++++ Data ++++

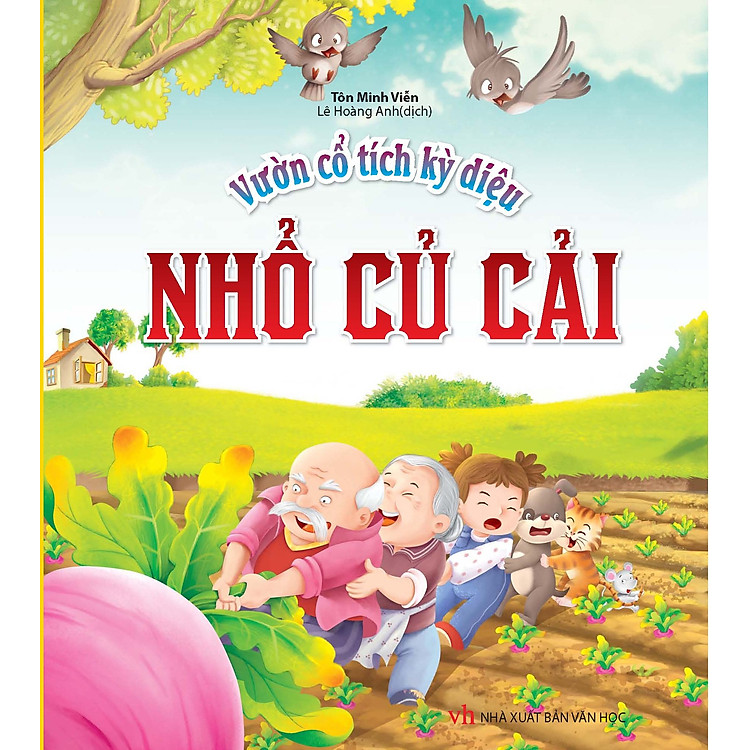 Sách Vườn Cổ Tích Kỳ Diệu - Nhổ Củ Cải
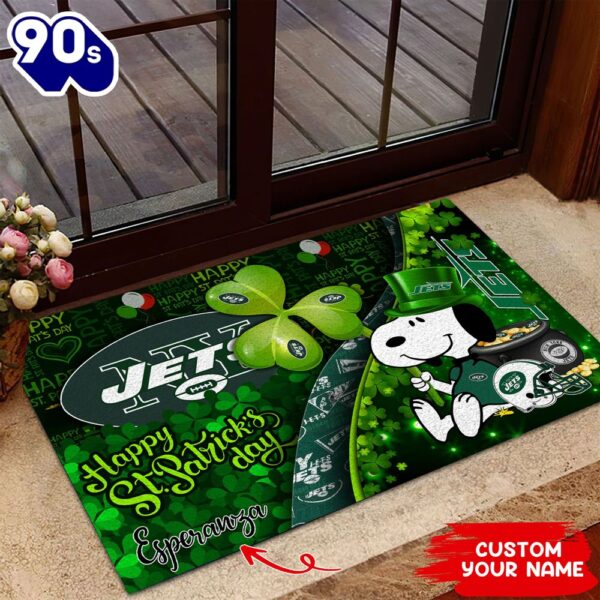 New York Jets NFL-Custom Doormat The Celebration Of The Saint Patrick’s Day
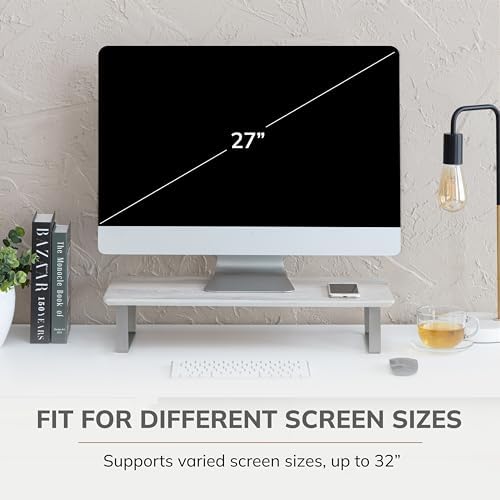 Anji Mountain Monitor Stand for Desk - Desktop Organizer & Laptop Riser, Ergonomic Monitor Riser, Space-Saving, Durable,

++++

=== Exercise description ===
Leaving out the pictures, reproduce the whole listing above exactly.

=== Result of the task ===
 Sách Vườn Cổ Tích Kỳ Diệu - Nhổ Củ Cải
 New York Jets NFL-Custom Doormat The Celebration Of The Saint Patrick’s Day
 Anji Mountain Monitor Stand for Desk - Desktop Organizer & Laptop Riser, Ergonomic Monitor Riser, Space-Saving, Durable,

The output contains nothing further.